You'll hear it on every talk show and every nightly sportscast, at every table in every sports bar: The Wolves are perpetually, hopelessly unlucky. They got jobbed again by the lottery gods, or the NBA conspiracy, which is apparently dedicated to landing the huge San Antonio market in the NBA Finals.

It is time for the whining to stop, and for the Wolves to do what so many teams before them have done -- stiff-arm the excuses about bad luck and make a smarter pick than their competitors.

We learned Tuesday that the Wolves will select third in the upcoming draft. This was not the best or worst of possibilities, just the biggest possible tease.

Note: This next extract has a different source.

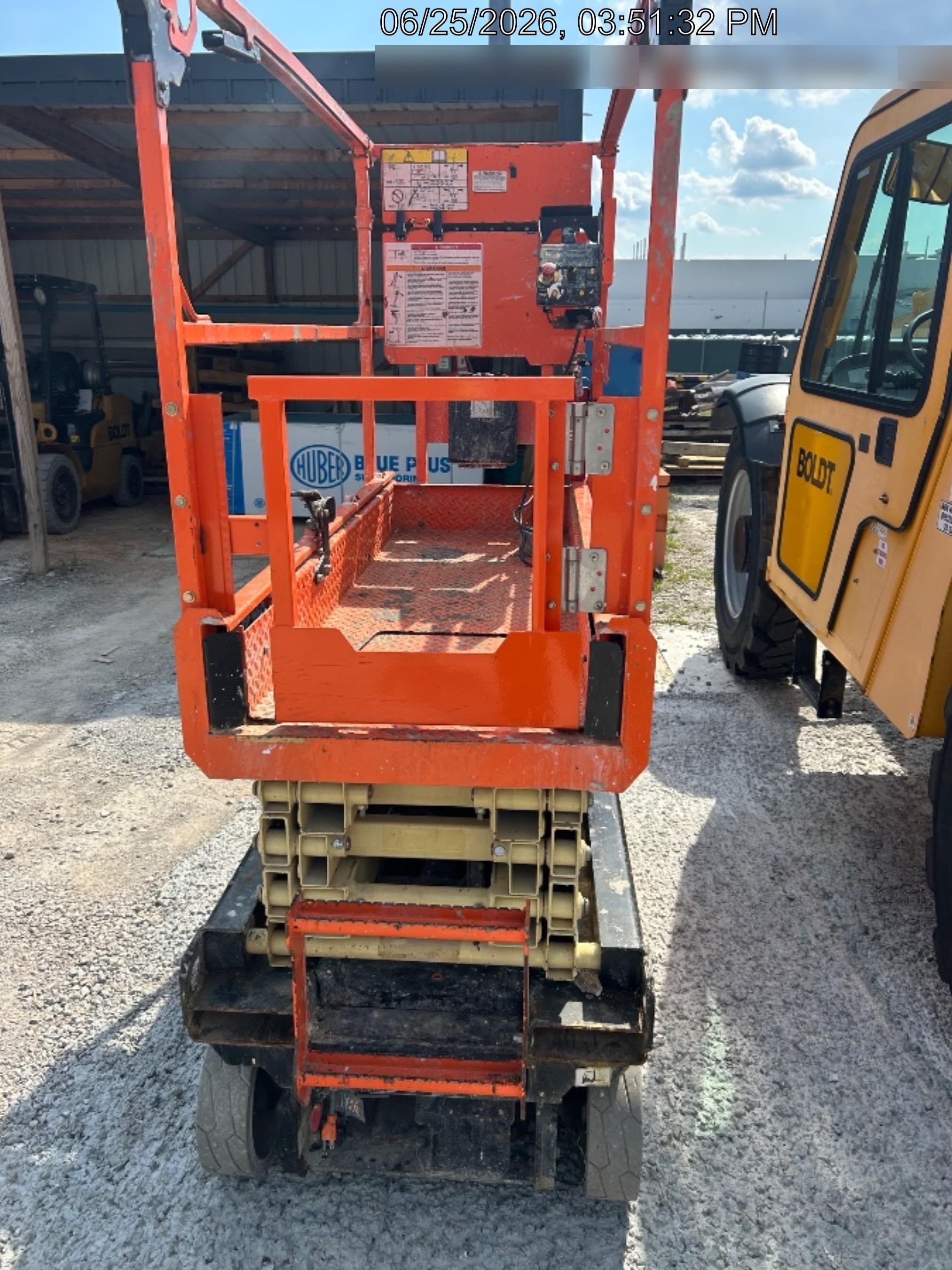 2022 JLG ES1932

As the crowd at NBA City restaurant screamed at the possibility of the Wolves landing one of the top two picks, as the lottery show went to commercial and the tension built, you had to figure the Wolves would land the third pick.

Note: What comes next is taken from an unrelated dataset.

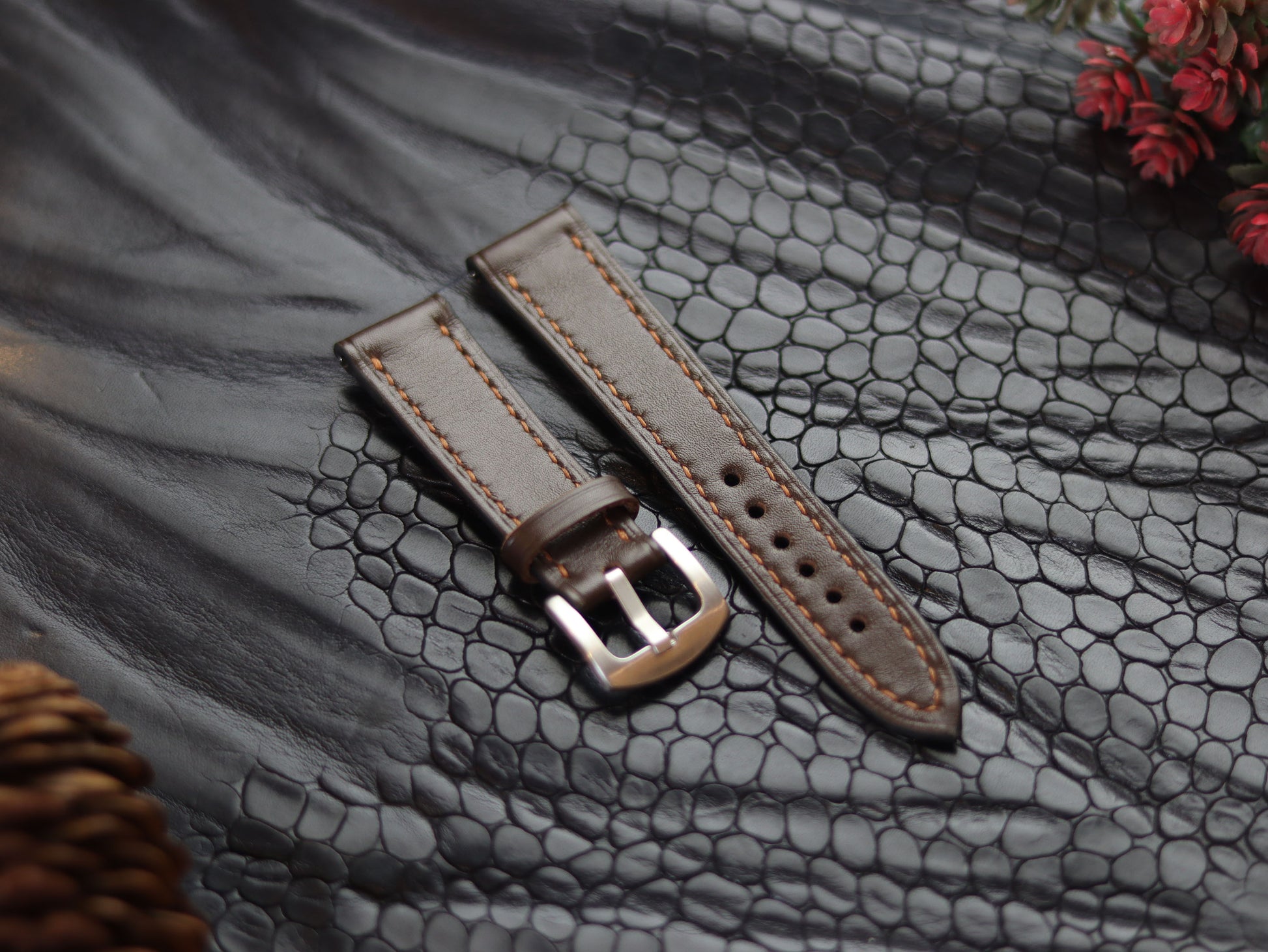 LEATHER STRAPS RUSTIC BROWN  (BROWN) FULL STITCHED GRIP LEATHER GOODS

They did, and virtually everyone with a mic or mouse says this dooms them to another mediocre or disastrous pick, because we all know that there are only two franchise players in this draft -- Memphis guard Derrick Rose and Kansas State forward Michael Beasley.

I prefer Beasley. Most prefer Rose. Here's what we have in common: We're all probably wrong.

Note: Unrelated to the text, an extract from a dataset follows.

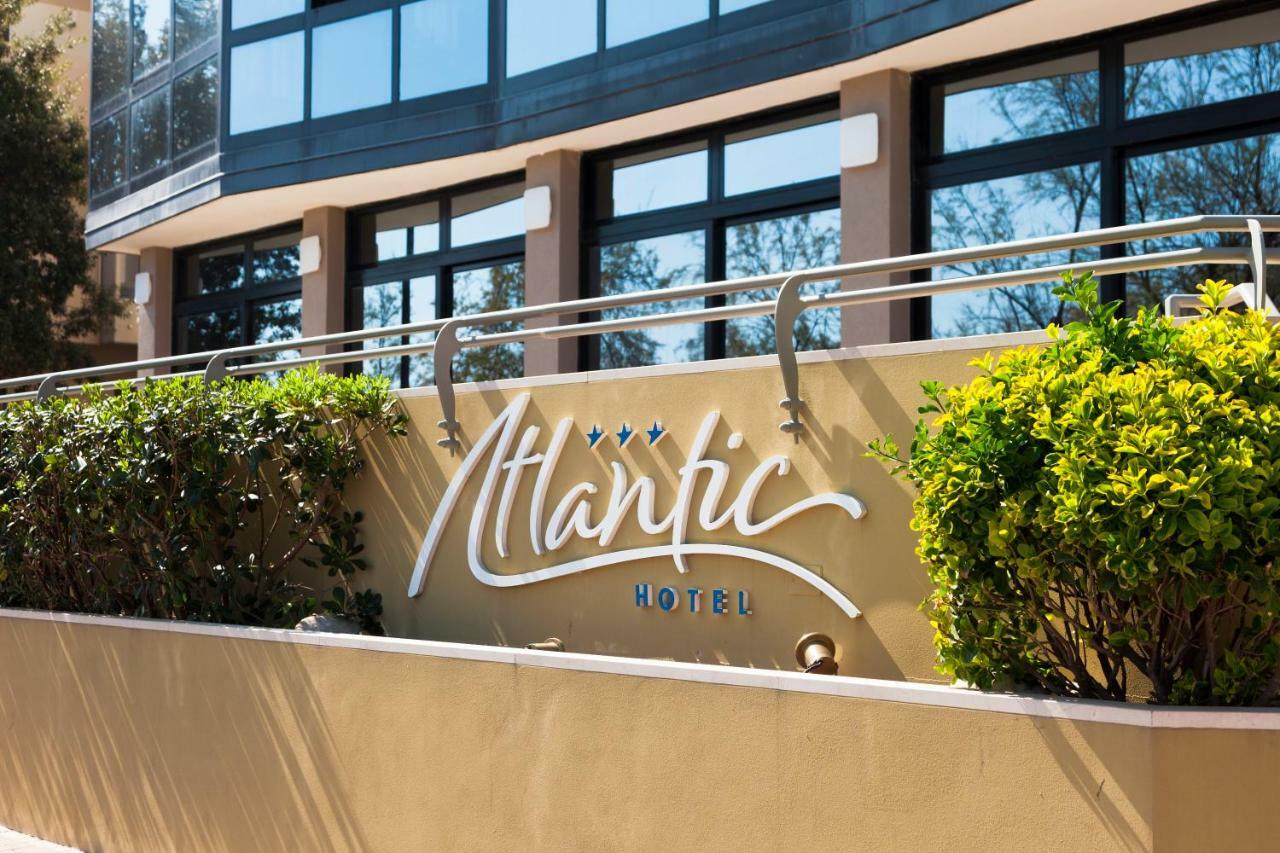 Hotel Atlantic Pesaro Esterno foto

That's what history tells us, and those who ignore history are bound to take Paul Grant again.

Yes, Beasley and Rose look like the best college basketball has to offer. We have talked ourselves into believing they are sure things, but there is a problem with this presumption: We are making final judgments on 19-year-old kids who have excelled, considering the current state of college basketball, against other 19-year-old kids.

We don't have any idea how they'll handle money, fame or a Bruce Bowen cheap shot. We don't know whether they'll be Mike Jordan or Mike Dunleavy.

If you think it sounds silly to compare perhaps the greatest basketball player of all time with another Duke bust, consider that Jordan and Dunleavy were both taken with the third pick in the draft.

It doesn't require a lot of research to expose the errors of conventional wisdom. The best player taken in the 2006 draft was, to date, Brandon Roy. He went sixth, to the Wolves -- who then traded him to Portland.

The two best players taken in the 2005 draft were Deron Williams and Chris Paul. They went 3 and 4, behind Andrew Bogut and Marvin Williams. In 2004, Orlando took Dwight Howard first.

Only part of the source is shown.